Сидит спокойно, как на званом приеме, разве что не улыбается. Но и помогать не стремится. Хотя… а чего тут удивительного? Он бы тоже на помощь не рвался, после такой-то ссоры… перебьется!
На помощь бросился и Яков Александрович. Но этого не потребовалось.
Ольга Сергеевна Цветаева была безнадежно мертва задолго до приезда «Скорой помощи».
Хелла – страшнее пистолета. Ни сбоев, ни осечек, ни промахов.
* * *
– Ну, барышня, вам кто-то ворожит, не иначе.
Яков Александрович был доволен по уши. Они с Анной выходили из полиции.
Допрос?
Чистая формальность. Все видели, что Анна просто разговаривала, не приближалась, не прикасалась, не пила ничего, не ела… да и Цветаева тоже съесть ничего не успела, так что репутация ресторана не пострадала.
С легкой руки его владельца, ну и Савойского, которому позвонил старый юрист, экспертизу сделали тут же. Вскрытие…
Заняло это около трех часов, но вопросов не осталось. Инфаркт.
А вот нечего было так злиться, недаром говорится – лопнула со злости. Ладно, сосуд лопнул. Яков Александрович даже подозревать Анну не собирался – видел же!
Она просто разговаривала. А словами у нас пока еще убивать не умеют. Это вам не Гарри Поттер с его Авадой Кедаврой. Да и там – палочка, взмахи и зеленая вспышка.
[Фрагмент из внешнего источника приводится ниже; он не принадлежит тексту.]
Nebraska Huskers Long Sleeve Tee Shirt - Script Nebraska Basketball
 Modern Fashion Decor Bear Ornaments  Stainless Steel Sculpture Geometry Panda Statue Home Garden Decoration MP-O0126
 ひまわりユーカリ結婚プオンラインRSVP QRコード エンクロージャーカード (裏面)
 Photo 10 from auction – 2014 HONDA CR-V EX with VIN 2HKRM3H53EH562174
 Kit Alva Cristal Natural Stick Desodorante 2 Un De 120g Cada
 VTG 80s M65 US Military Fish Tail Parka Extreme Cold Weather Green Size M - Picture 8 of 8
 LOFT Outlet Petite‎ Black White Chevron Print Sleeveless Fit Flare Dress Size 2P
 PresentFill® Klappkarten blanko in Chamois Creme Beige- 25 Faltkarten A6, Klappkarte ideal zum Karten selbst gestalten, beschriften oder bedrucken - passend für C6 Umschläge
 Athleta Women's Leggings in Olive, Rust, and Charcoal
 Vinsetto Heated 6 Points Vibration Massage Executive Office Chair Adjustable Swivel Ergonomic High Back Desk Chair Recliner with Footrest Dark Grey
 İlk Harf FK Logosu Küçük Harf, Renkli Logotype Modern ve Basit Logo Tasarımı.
– Везение ли это? – вздохнула Анна.
Она была печальна.
Да, вот так и проходится путь от человека до чудовища. Сначала – чтобы отдать долг. Потом – чтобы спасти свою жизнь, репутацию, дочку… а потом – вот так?
Хладнокровно.
Останься этот человек в живых, он мог бы доставить множество проблем. Без него всем будет лучше. Убить, нельзя помиловать. А запятые расставьте по вкусу. Когда будете заказывать надпись на памятник.
Она чудовище…
Безжалостное и равнодушное.
Монстр.
Хелла… хорошо, что я уйду. С таким даром жить не стоит.
Впрочем, вслух Анна ничего такого не сказала.
– Поверьте, везение. Эта зараза бы вас в покое не оставила. А вот сейчас… Анна, вы понимаете, что ваш сын – наследник первой очереди? И Цветаева сама его признала своим внуком и пыталась получить над ним опеку?